TO DO: Would you please repeat, word for word, only the lines from the one holding "5pcs Diamond Painting" through the one holding "Серьги золото изящный" in the material below, without the pictures?

THE DATA:
========================================

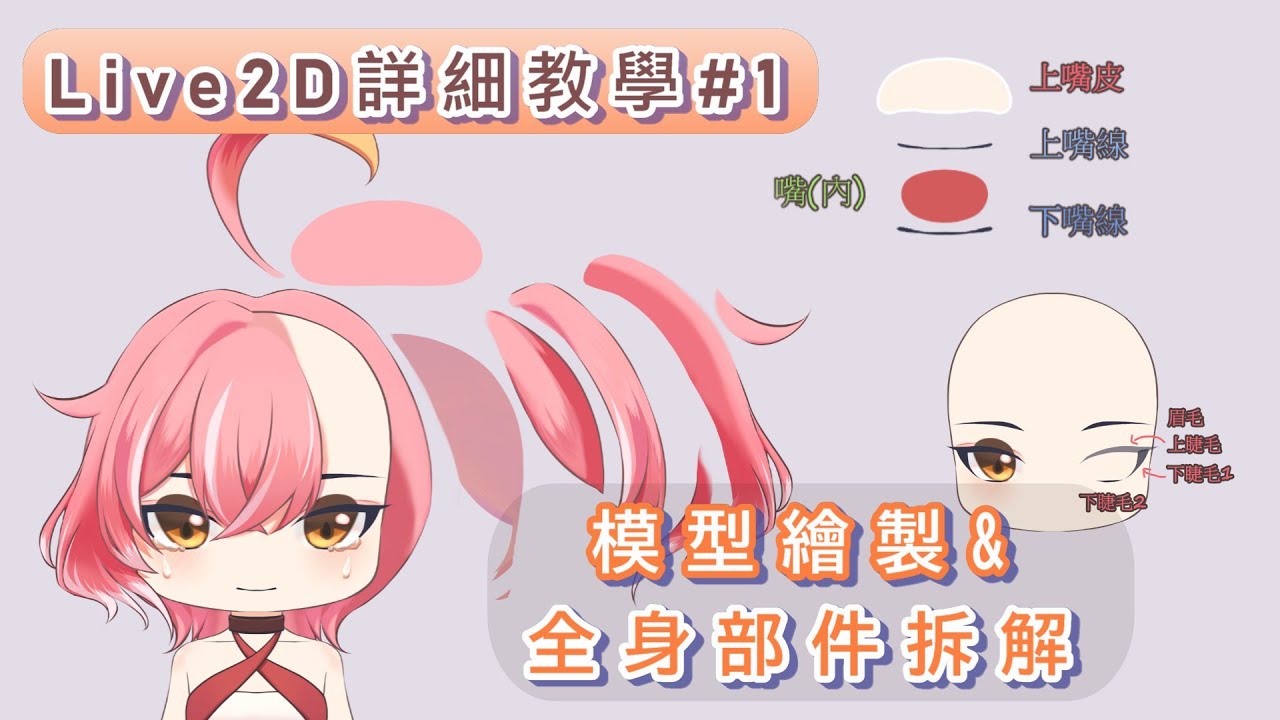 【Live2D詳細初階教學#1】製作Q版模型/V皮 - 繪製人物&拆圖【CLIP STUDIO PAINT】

========================================

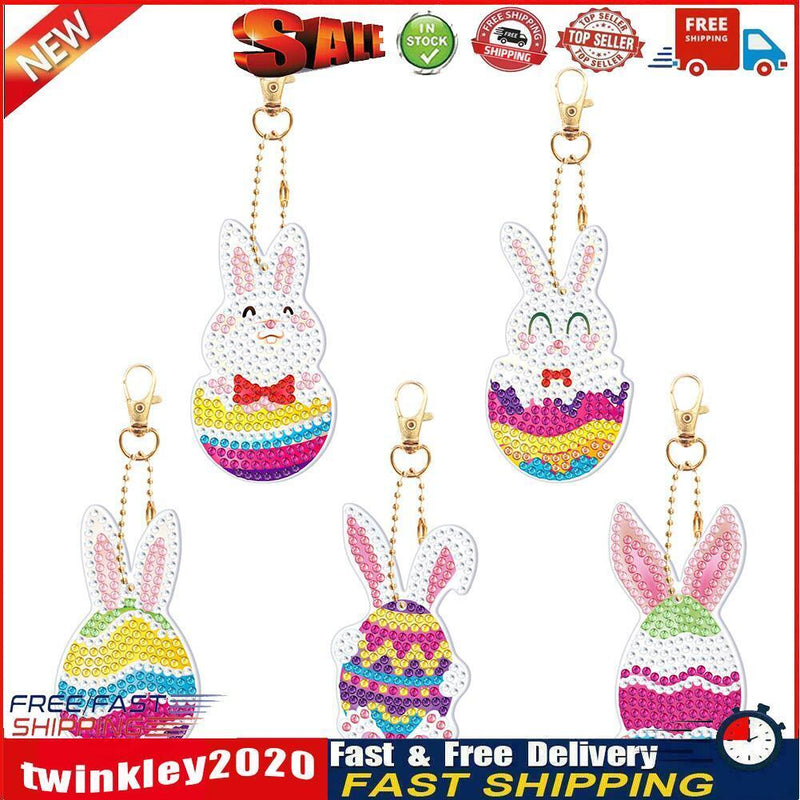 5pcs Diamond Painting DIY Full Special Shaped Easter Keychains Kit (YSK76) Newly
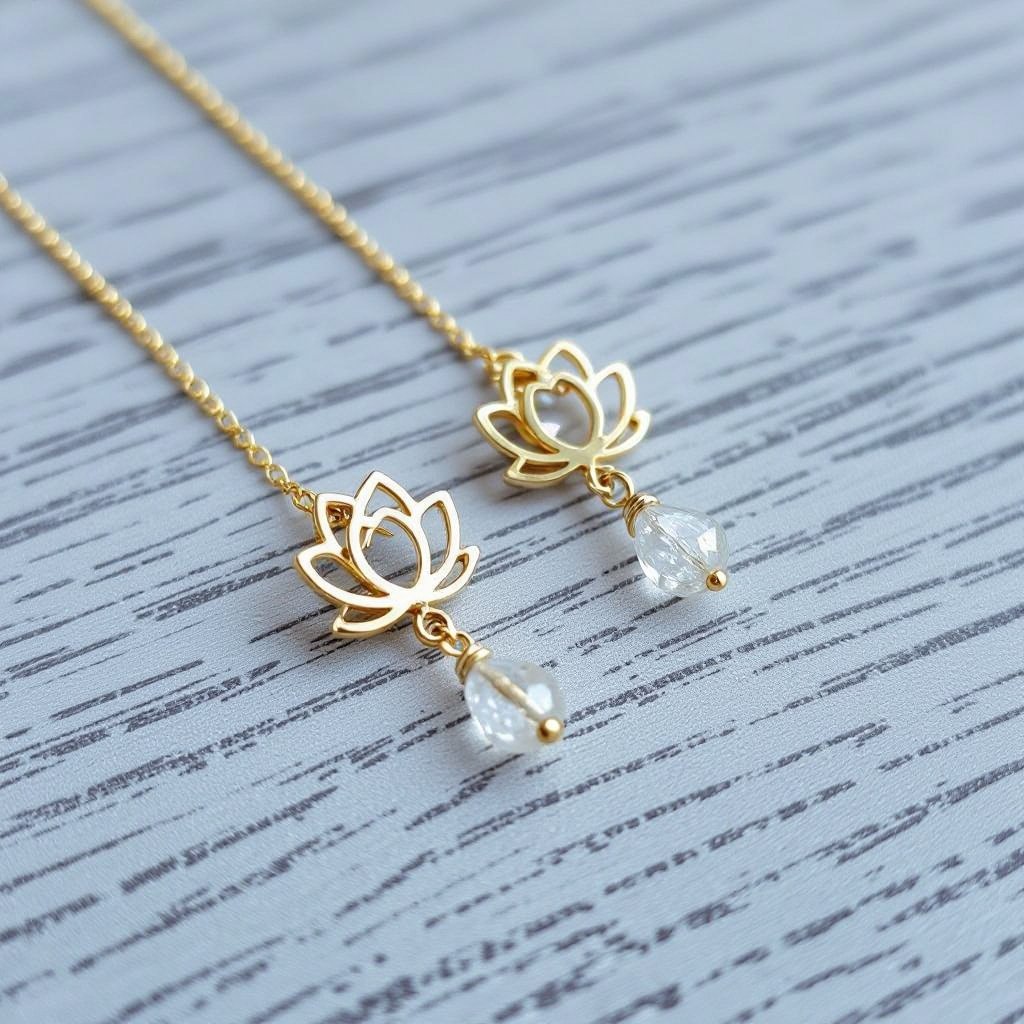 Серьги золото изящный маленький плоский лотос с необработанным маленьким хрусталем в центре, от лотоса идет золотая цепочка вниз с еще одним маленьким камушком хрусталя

========================================

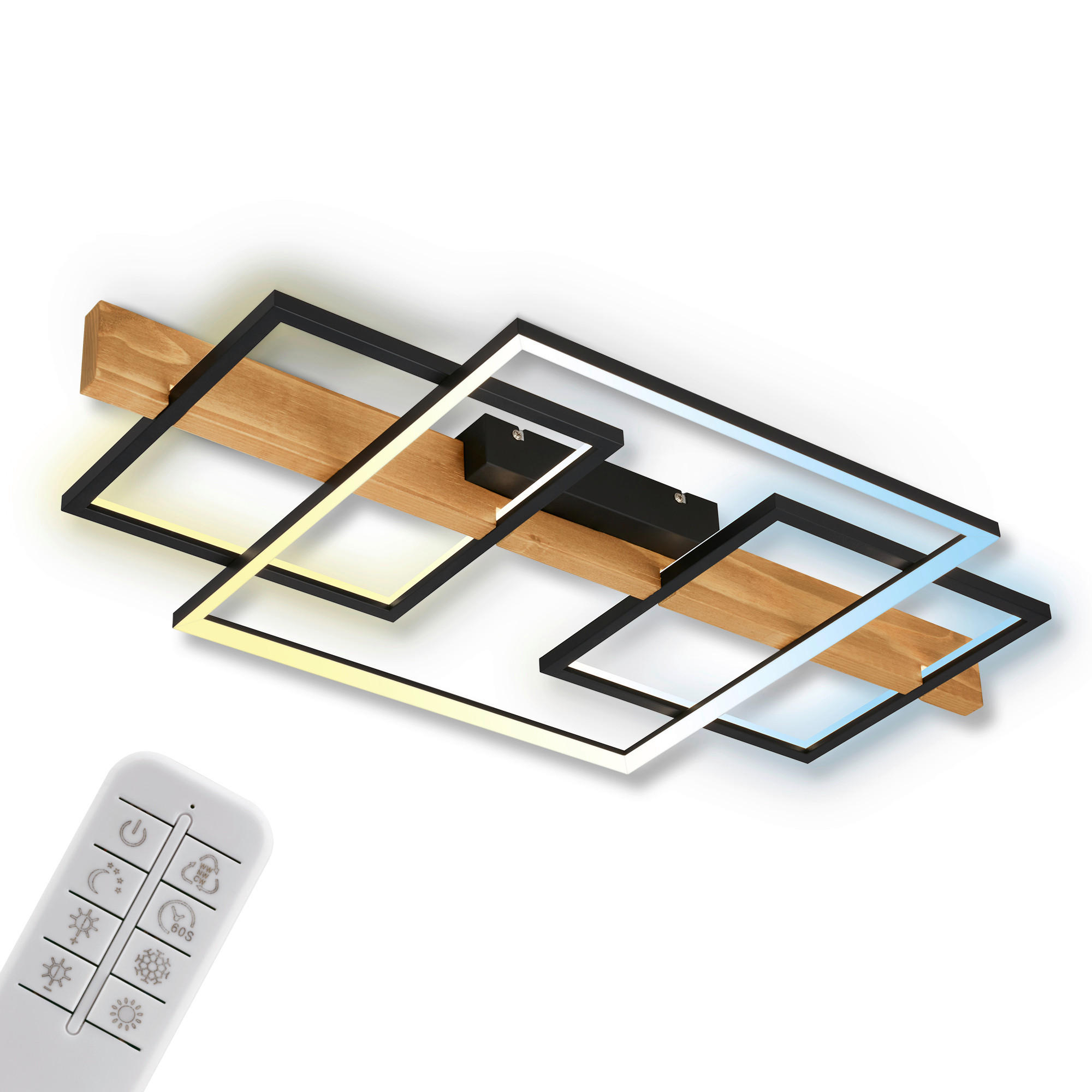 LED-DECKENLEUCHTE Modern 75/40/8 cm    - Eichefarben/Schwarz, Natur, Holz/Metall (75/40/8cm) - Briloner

========================================

REPLY:
 5pcs Diamond Painting DIY Full Special Shaped Easter Keychains Kit (YSK76) Newly
 Серьги золото изящный маленький плоский лотос с необработанным маленьким хрусталем в центре, от лотоса идет золотая цепочка вниз с еще одним маленьким камушком хрусталя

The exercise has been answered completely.